§ Required work: No pictures belong in the copy. Retype exactly, and only, the stretch of lines below from the one with "Two Physicians looking at a scan of a heart" through the one with "grey background valentine's".

§ Study material:

-=-=-

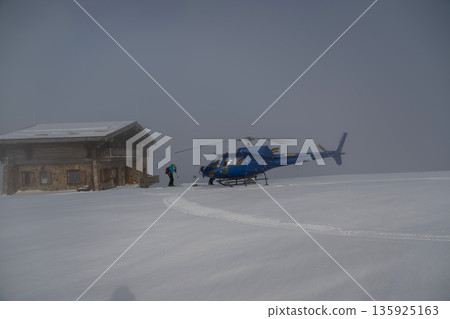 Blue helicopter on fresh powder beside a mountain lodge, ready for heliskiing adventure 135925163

-=-=-

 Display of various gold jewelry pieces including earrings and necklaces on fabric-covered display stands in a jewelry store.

-=-=-

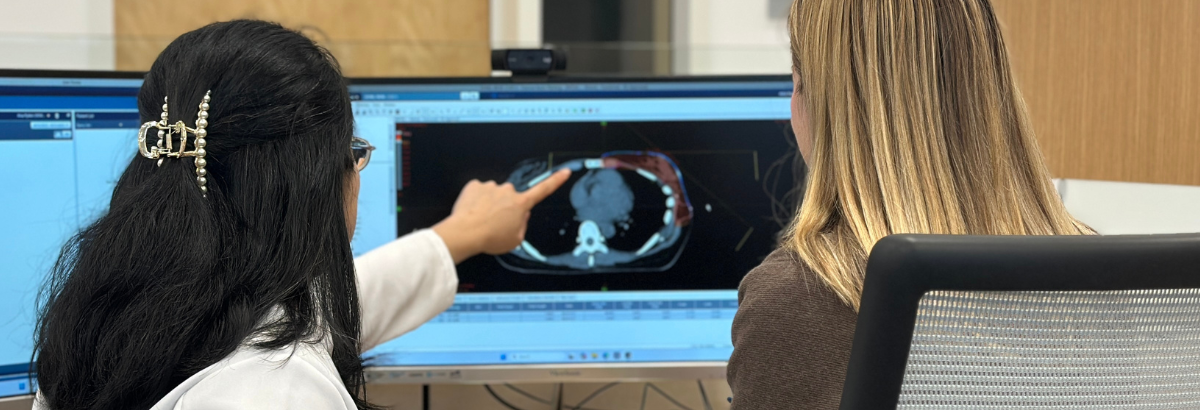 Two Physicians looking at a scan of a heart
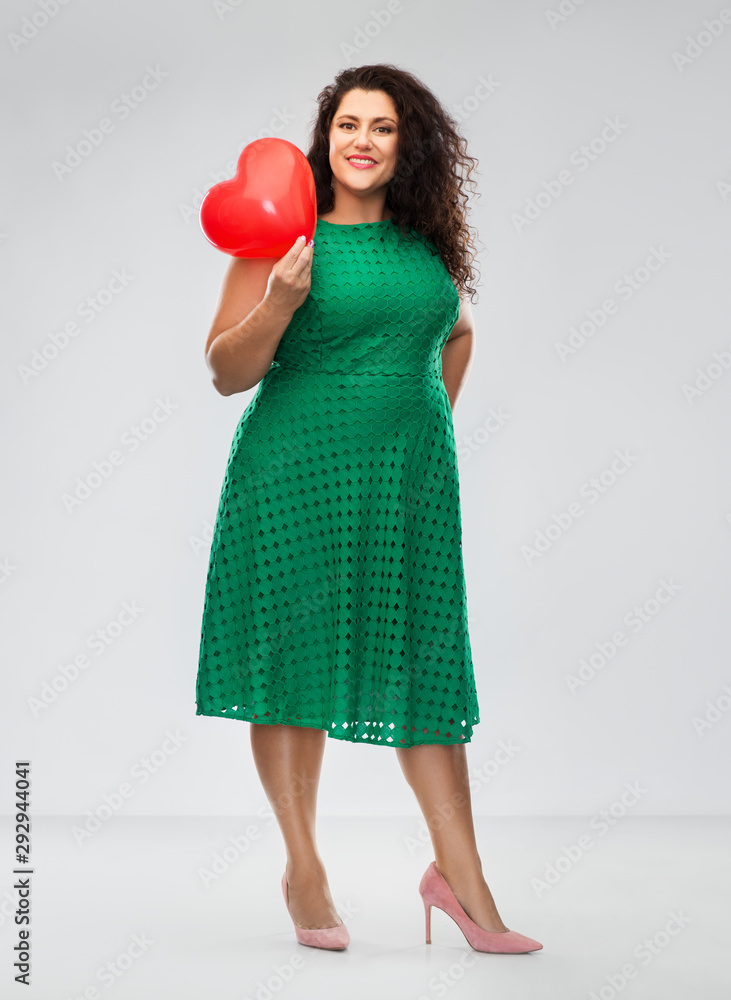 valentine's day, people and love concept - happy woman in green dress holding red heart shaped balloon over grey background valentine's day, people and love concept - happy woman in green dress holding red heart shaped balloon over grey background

-=-=-

§ Response area:
 Two Physicians looking at a scan of a heart
 valentine's day, people and love concept - happy woman in green dress holding red heart shaped balloon over grey background valentine's day, people and love concept - happy woman in green dress holding red heart shaped balloon over grey background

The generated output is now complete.